Dataset excerpts
<<<<
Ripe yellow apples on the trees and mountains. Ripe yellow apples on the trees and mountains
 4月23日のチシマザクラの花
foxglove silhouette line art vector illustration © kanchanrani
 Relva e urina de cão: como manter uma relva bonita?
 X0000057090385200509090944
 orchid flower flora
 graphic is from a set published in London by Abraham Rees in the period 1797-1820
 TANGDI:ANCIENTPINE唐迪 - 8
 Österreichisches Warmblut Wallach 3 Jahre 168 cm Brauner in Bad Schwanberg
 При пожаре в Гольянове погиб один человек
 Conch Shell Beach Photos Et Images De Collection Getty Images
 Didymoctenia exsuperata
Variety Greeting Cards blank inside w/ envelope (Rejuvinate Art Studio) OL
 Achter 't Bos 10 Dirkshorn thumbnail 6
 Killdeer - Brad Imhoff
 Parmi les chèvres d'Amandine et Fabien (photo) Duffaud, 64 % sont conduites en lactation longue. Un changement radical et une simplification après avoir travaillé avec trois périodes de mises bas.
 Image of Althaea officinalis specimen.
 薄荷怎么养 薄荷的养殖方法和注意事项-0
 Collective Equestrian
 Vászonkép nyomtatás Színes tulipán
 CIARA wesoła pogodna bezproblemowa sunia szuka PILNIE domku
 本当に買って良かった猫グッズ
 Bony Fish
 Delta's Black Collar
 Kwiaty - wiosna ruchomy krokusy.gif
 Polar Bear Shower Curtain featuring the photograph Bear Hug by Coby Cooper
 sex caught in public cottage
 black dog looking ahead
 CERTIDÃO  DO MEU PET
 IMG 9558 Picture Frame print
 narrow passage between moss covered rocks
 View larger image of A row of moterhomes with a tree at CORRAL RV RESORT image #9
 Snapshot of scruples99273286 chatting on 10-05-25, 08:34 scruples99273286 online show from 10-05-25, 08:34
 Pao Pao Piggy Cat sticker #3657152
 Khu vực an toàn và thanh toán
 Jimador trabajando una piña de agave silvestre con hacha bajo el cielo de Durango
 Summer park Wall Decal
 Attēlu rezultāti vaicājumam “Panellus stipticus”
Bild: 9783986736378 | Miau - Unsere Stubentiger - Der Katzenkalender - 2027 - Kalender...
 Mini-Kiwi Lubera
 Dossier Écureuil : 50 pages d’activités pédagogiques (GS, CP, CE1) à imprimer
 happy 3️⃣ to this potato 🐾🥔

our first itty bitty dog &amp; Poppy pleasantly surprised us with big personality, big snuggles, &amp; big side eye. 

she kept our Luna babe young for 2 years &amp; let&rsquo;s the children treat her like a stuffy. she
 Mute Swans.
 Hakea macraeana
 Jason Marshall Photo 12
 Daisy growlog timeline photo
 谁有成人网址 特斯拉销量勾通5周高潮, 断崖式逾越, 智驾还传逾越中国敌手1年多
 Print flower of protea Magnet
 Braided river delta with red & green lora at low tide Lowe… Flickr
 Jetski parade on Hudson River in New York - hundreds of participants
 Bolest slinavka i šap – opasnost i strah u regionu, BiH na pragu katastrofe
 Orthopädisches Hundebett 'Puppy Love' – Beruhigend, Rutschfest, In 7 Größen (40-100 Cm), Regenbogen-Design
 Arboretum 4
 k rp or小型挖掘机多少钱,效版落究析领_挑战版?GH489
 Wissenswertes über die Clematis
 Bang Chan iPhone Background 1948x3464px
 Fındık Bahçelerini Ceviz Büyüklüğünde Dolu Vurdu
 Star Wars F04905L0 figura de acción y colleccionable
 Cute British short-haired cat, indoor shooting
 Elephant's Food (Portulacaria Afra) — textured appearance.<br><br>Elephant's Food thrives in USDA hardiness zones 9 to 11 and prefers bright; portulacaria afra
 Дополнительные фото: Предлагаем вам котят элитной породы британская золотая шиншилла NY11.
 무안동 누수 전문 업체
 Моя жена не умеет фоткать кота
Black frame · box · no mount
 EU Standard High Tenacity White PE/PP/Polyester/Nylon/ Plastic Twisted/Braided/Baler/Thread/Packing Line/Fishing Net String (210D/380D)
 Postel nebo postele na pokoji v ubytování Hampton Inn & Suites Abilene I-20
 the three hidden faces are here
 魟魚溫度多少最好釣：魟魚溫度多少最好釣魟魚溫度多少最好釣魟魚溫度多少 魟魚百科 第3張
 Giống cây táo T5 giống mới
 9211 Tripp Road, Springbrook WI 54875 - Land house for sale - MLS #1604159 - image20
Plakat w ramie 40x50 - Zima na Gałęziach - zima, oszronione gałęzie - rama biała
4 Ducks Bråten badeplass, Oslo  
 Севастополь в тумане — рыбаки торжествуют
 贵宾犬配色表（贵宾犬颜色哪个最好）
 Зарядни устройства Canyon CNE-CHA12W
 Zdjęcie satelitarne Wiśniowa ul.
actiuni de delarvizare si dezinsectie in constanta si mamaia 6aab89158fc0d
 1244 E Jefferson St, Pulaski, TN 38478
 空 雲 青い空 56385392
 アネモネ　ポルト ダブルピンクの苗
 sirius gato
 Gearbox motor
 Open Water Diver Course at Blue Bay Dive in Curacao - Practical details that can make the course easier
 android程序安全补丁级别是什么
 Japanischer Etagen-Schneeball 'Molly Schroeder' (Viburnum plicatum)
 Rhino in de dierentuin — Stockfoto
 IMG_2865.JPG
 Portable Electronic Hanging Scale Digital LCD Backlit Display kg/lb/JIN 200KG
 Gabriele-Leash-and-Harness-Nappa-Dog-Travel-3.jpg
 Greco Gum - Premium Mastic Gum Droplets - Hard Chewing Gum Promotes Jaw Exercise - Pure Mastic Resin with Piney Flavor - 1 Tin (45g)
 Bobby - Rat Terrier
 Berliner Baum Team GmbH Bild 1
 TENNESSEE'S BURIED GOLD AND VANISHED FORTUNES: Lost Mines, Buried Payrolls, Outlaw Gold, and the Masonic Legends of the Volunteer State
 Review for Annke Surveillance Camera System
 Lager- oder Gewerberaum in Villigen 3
>>>>
→ EXERCISE
Go through the data above and copy each line that holds the word "Bild".

→ EXERCISE ANSWER
Bild: 9783986736378 | Miau - Unsere Stubentiger - Der Katzenkalender - 2027 - Kalender...
 Berliner Baum Team GmbH Bild 1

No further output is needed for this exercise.